- **Records shown**:
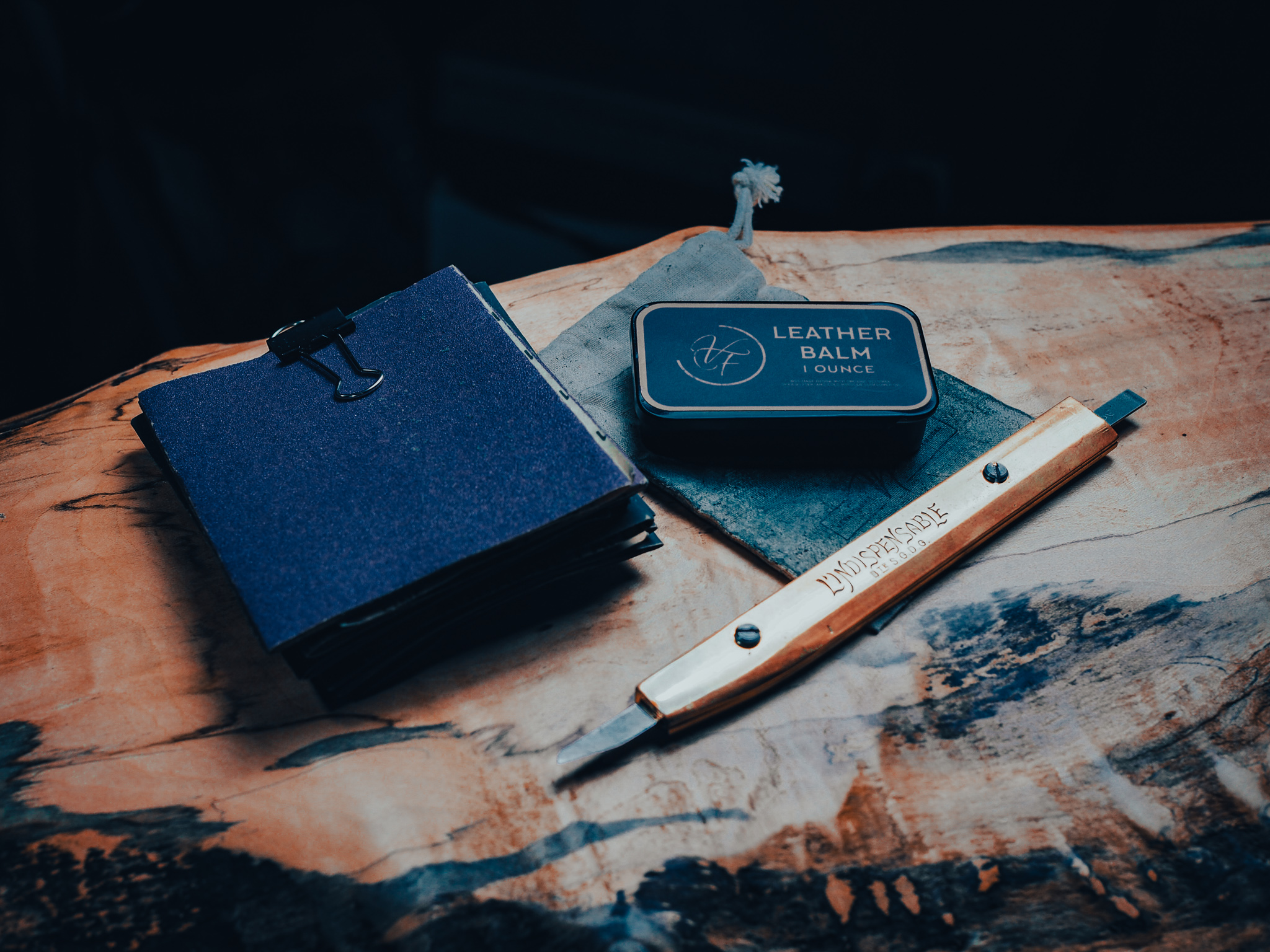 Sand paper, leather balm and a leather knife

==

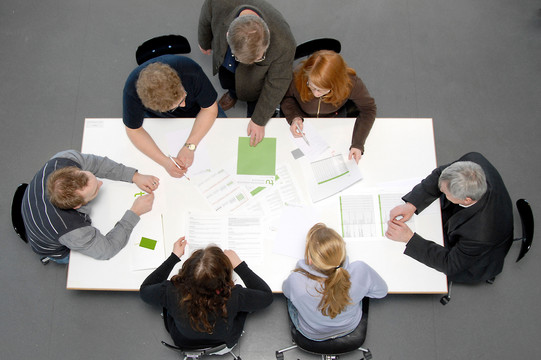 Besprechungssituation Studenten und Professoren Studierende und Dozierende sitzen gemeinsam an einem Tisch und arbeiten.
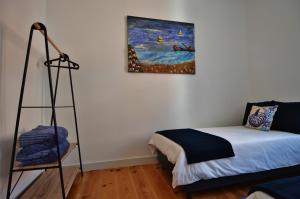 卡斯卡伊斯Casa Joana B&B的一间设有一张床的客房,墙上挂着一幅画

- **Your task**:
Lines wanted from the entries above: the one with "Besprechungssituation Studenten und", the one with "卡斯卡伊斯Casa Joana B&B的一间设有一张床的客房,墙上挂着一幅画", and all lines between. Please copy them exactly, without the pictures and without anything else.

- **Your response**:
 Besprechungssituation Studenten und Professoren Studierende und Dozierende sitzen gemeinsam an einem Tisch und arbeiten.
 卡斯卡伊斯Casa Joana B&B的一间设有一张床的客房,墙上挂着一幅画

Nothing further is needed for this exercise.